* REQUIRED WORK
Using the entries that follow, transcribe only the lines from the line with "Lenovo ThinkPad L470" to the line with "2018 scooty Pep", both included, exactly as they stand and without pictures.

* SUPPLIED RECORDS
<<<<

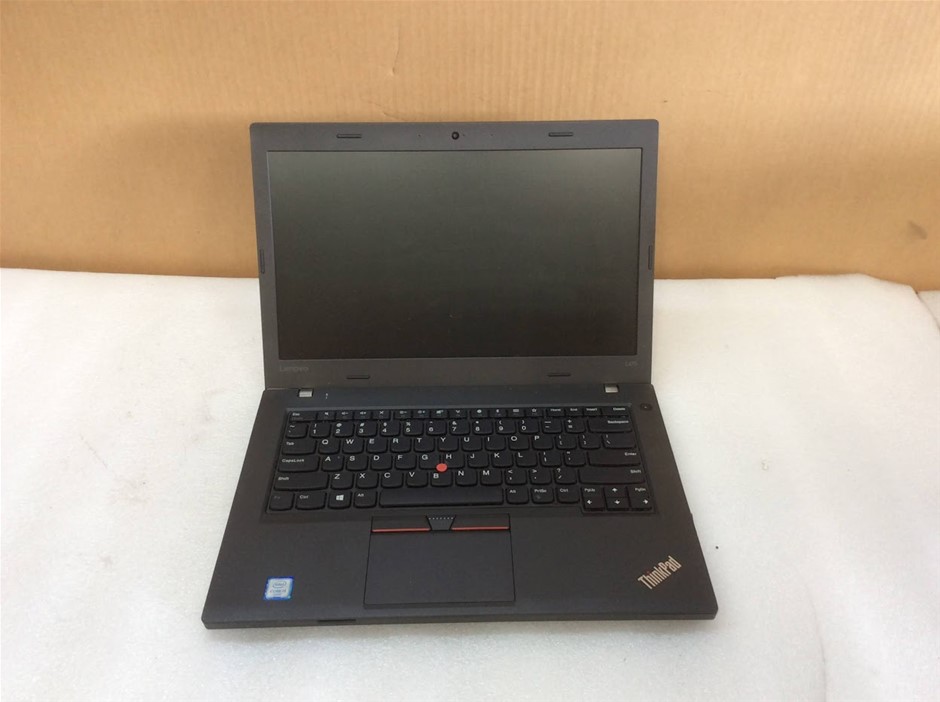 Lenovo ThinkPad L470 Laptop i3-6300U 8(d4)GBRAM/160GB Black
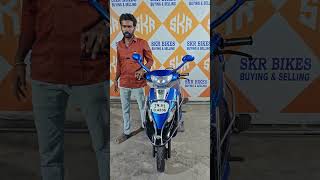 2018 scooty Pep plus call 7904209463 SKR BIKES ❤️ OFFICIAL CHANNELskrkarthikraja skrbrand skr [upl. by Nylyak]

>>>>
<<<<

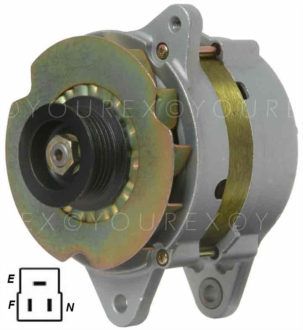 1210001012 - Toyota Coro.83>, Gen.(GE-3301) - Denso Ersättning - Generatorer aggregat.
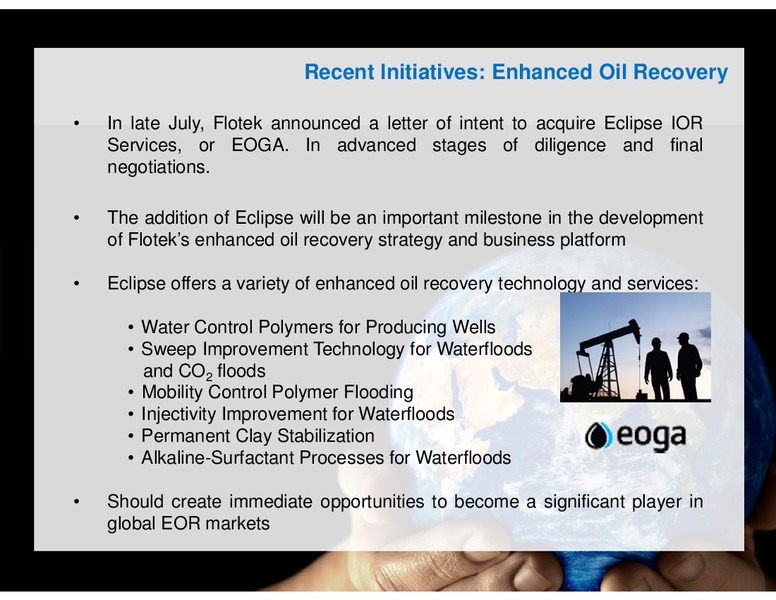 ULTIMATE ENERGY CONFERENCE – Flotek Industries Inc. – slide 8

>>>>

* ANSWER AREA
 Lenovo ThinkPad L470 Laptop i3-6300U 8(d4)GBRAM/160GB Black
 2018 scooty Pep plus call 7904209463 SKR BIKES ❤️ OFFICIAL CHANNELskrkarthikraja skrbrand skr [upl. by Nylyak]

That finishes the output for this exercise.